Would AP be the main criminal use of robust crypto & Hettinga's pet geodesic market? If there was widespread use of a truly anonymous, untraceable, reliable way of sending large amounts of easily usable cash to people with whom one has no physical connection (I mean every single one of those 7 or 8 qualifiers) what crime would flourish? Murder? But there is plenty of that already. And it involves physical contact Even if most private individuals didn't follow the AP market (were one to develop) you can bet that spooks and insurance companies would (*) & likely victims would becme better defended. Tax evasion? Of course. But in the hypothetical cryptocash future everybody will be doing it. Income tax evasion will cease to be considered a crime. States will move away from transaction taxes back to property taxes (which they probably ought to do anyway, but haven't yet, for obvious reasons). Pornography? Already happening. But, it will probably become effectively free, like all the other software. Not a huge profit to be made in the long run, not when anywone will be able to download as much as they want from anywhere. Kidnapping? At the moment the weak point in a kidnapping is getting the money in. You have to give away your location, and you have to pick up a physical, traceable, object. If ransoms could be paid untraceably, expect kidnappings to increase to Colombian levels world-wide. Of course the kidnappers need to establish a trust that the prisoner will be released if the ransom is paid, but that is the way things are already anyway - which is why reasonably large organisations, or ones with some political credibility, specialise in it.

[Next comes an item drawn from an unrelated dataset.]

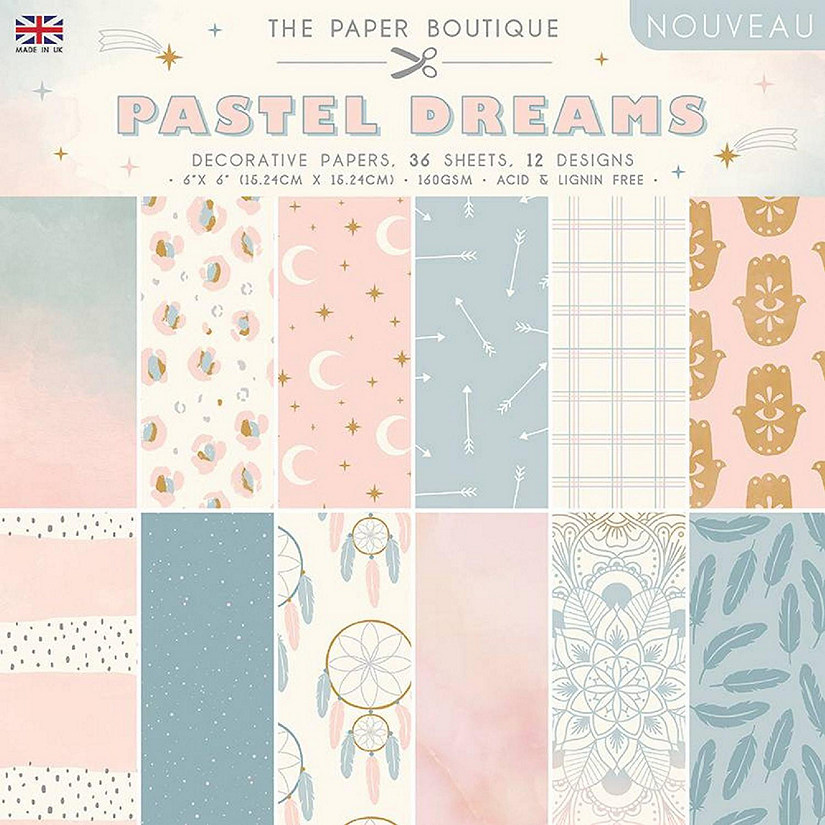 The Paper Boutique Pastel Dreams 6x6 Paper Pad Image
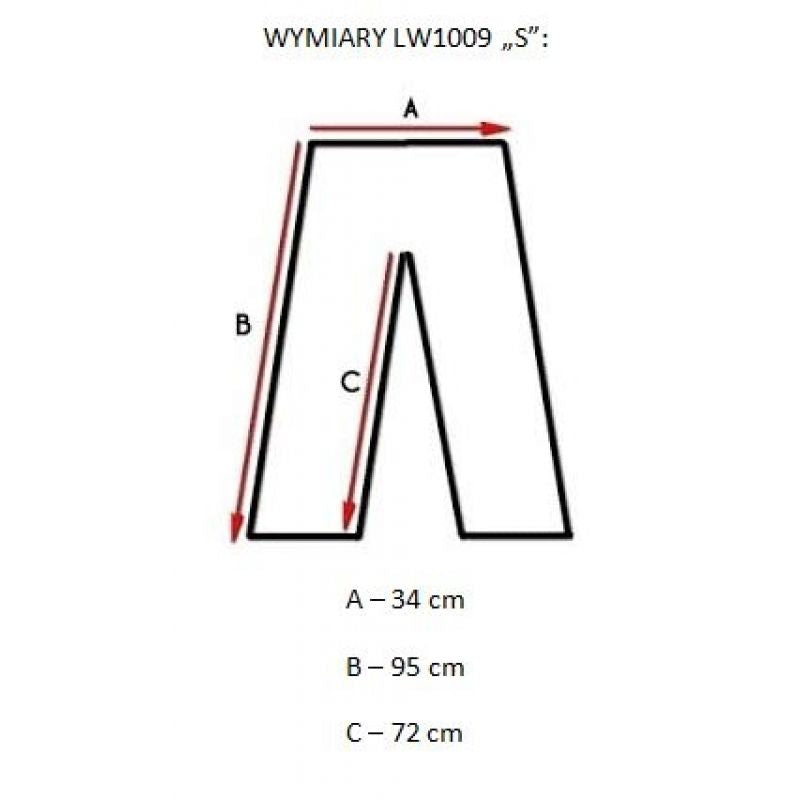 LEONE LW1009/S16 long leggings navy blue "S" In preparation Your Sports Performance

You might not believe a ransom demand from CMOT Dibbler Esquire, of Bread Lane, but you pay attention if it was (digitally certifiably) from ETA or the provisional IRA, or LTTE, or various Colombian herbal suppliers. Ken (not happy with this idea at all...) (*) talking of which, an opinion poll in the UK found that the thing that most worried people about genetic technology was their insurance companies getting hold of data on them. That scored lower down than biological warfare - only 8% or respondents thought tht insurers should have access to such information. I have no idea how slanted the question was.